Directions for this task:
Nothing but the text of the records should come back; copy it exactly and leave the pictures out.

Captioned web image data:
_ _ _ _

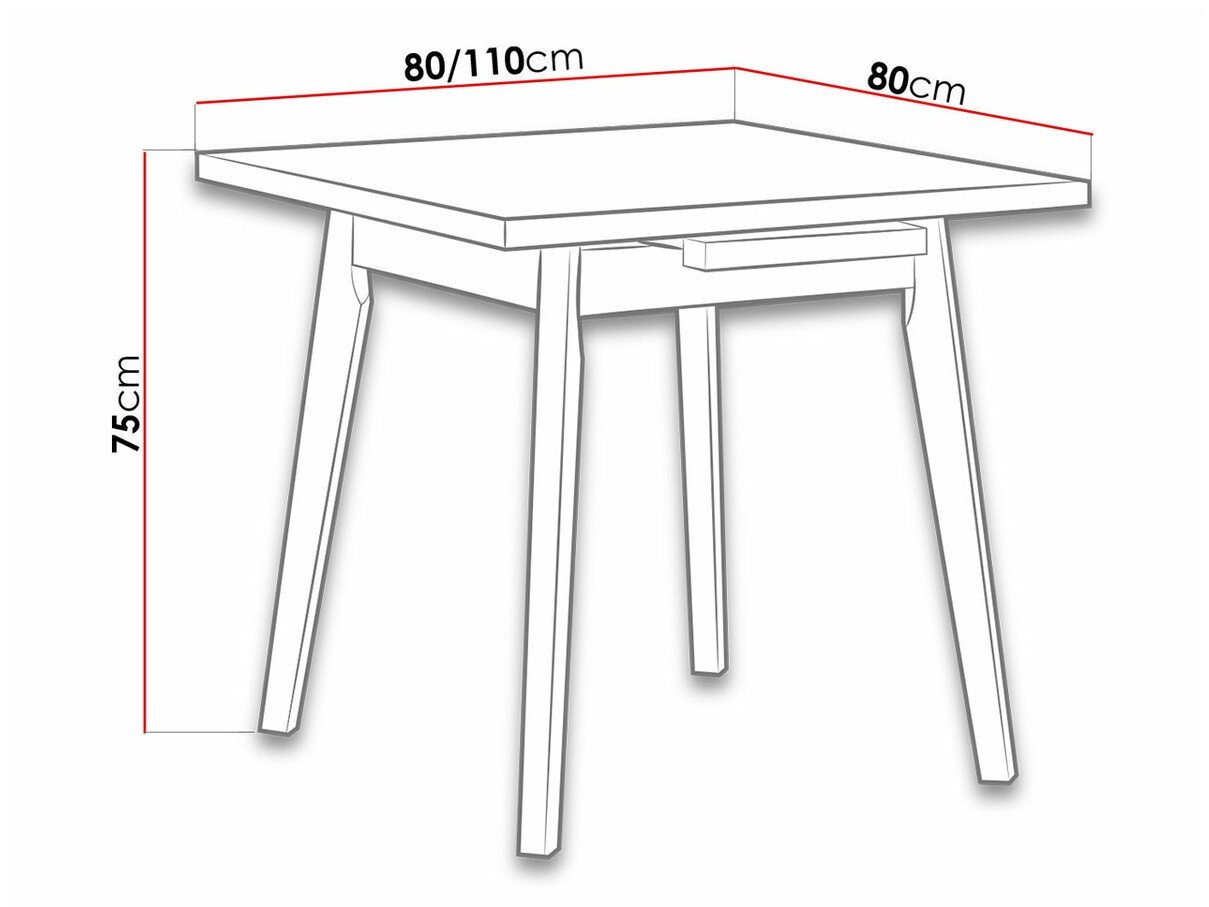 Table Victorville 183 (Blanc)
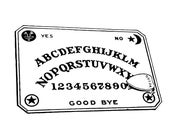 Vintage Ouija Board Vector Clipart | Talking Board Fortune-Telling Occult Mystic Psychomancy Halloween Instant Download SVG PNG JPG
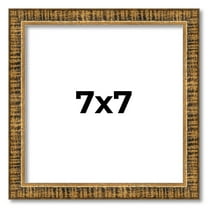7x7 Frame Gold Kingsley Distressed Solid Wood Picture Frame Width 0.75 Inches | Interior Frame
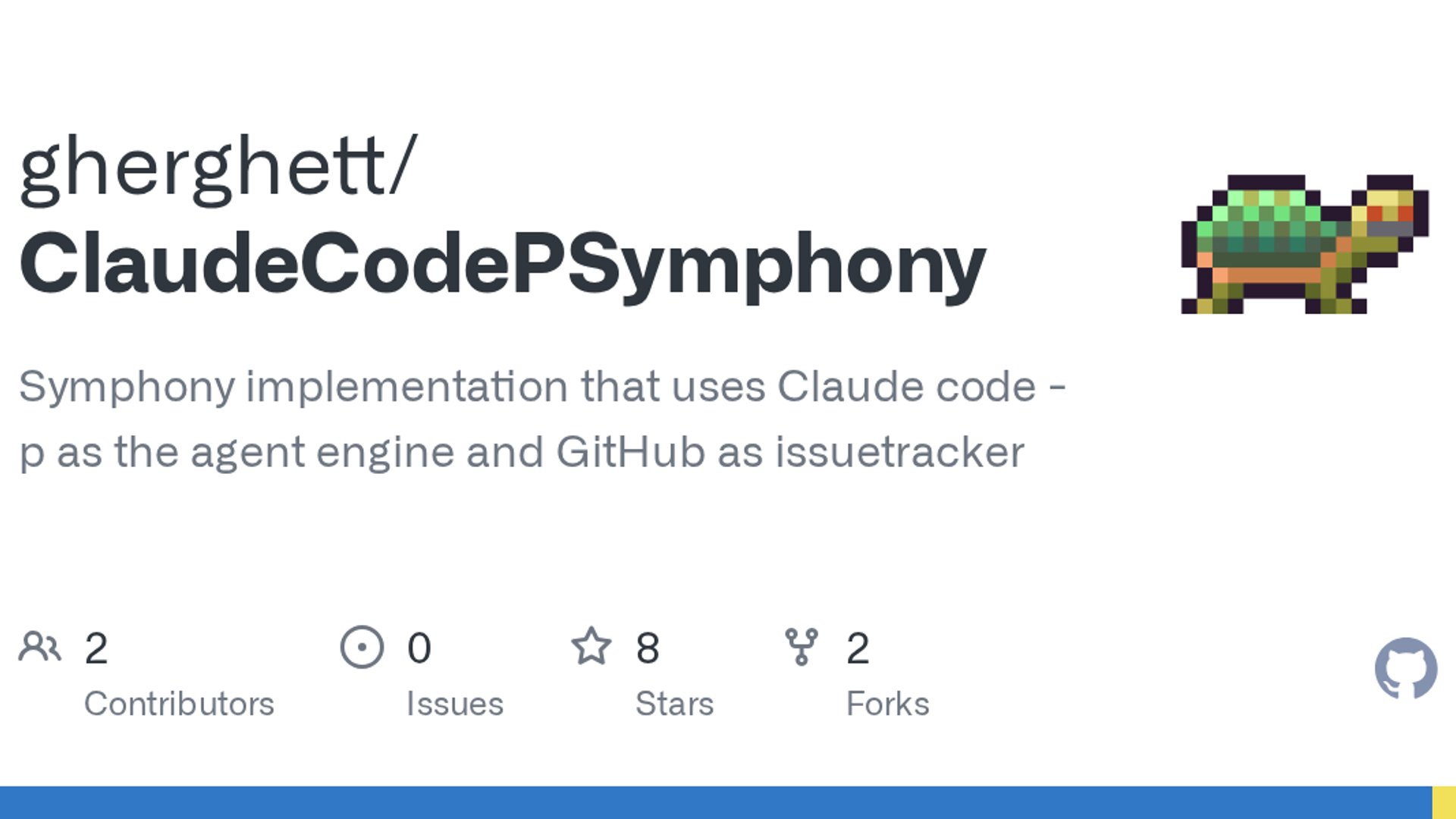 ClaudeCodePSymphony adapts Symphony for Claude Code
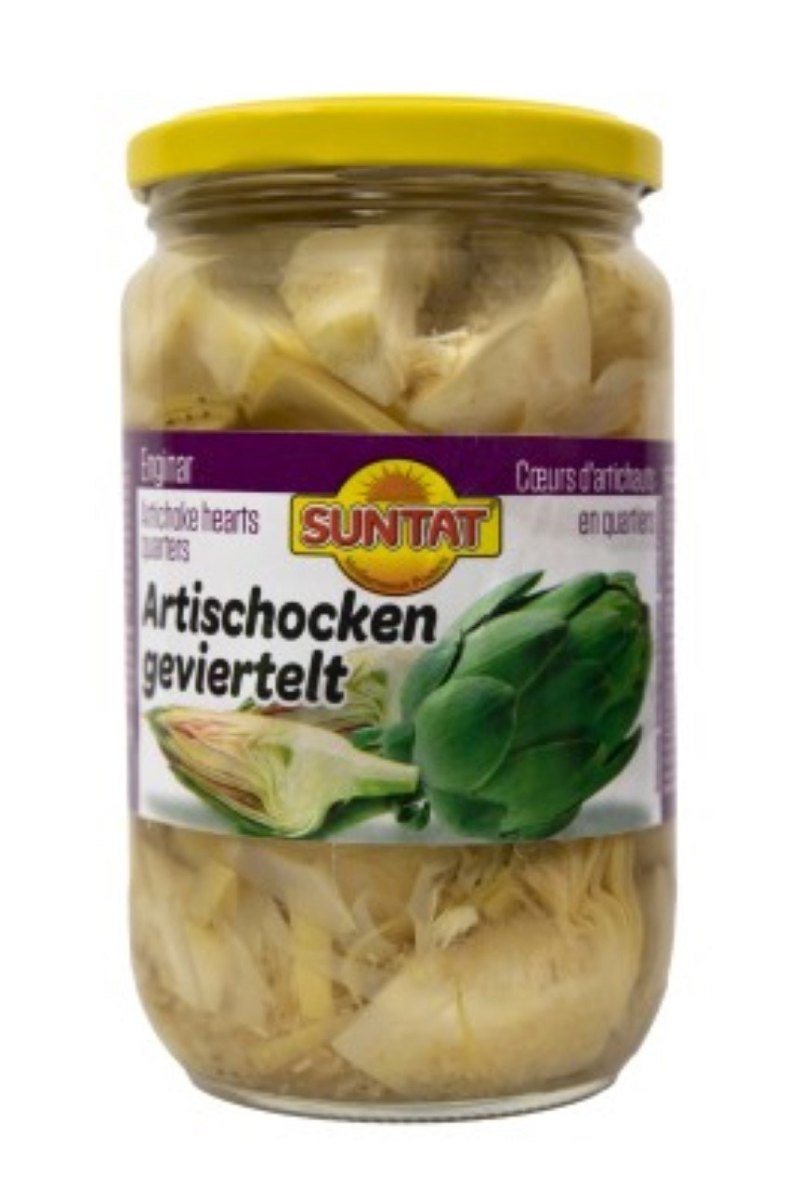 SUNTAT COEUR ARTICHAUTS EN QUARTIERS - PARCA 12X720ML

_ _ _ _

Response:
 Table Victorville 183 (Blanc)
 Vintage Ouija Board Vector Clipart | Talking Board Fortune-Telling Occult Mystic Psychomancy Halloween Instant Download SVG PNG JPG
7x7 Frame Gold Kingsley Distressed Solid Wood Picture Frame Width 0.75 Inches | Interior Frame
 ClaudeCodePSymphony adapts Symphony for Claude Code
 SUNTAT COEUR ARTICHAUTS EN QUARTIERS - PARCA 12X720ML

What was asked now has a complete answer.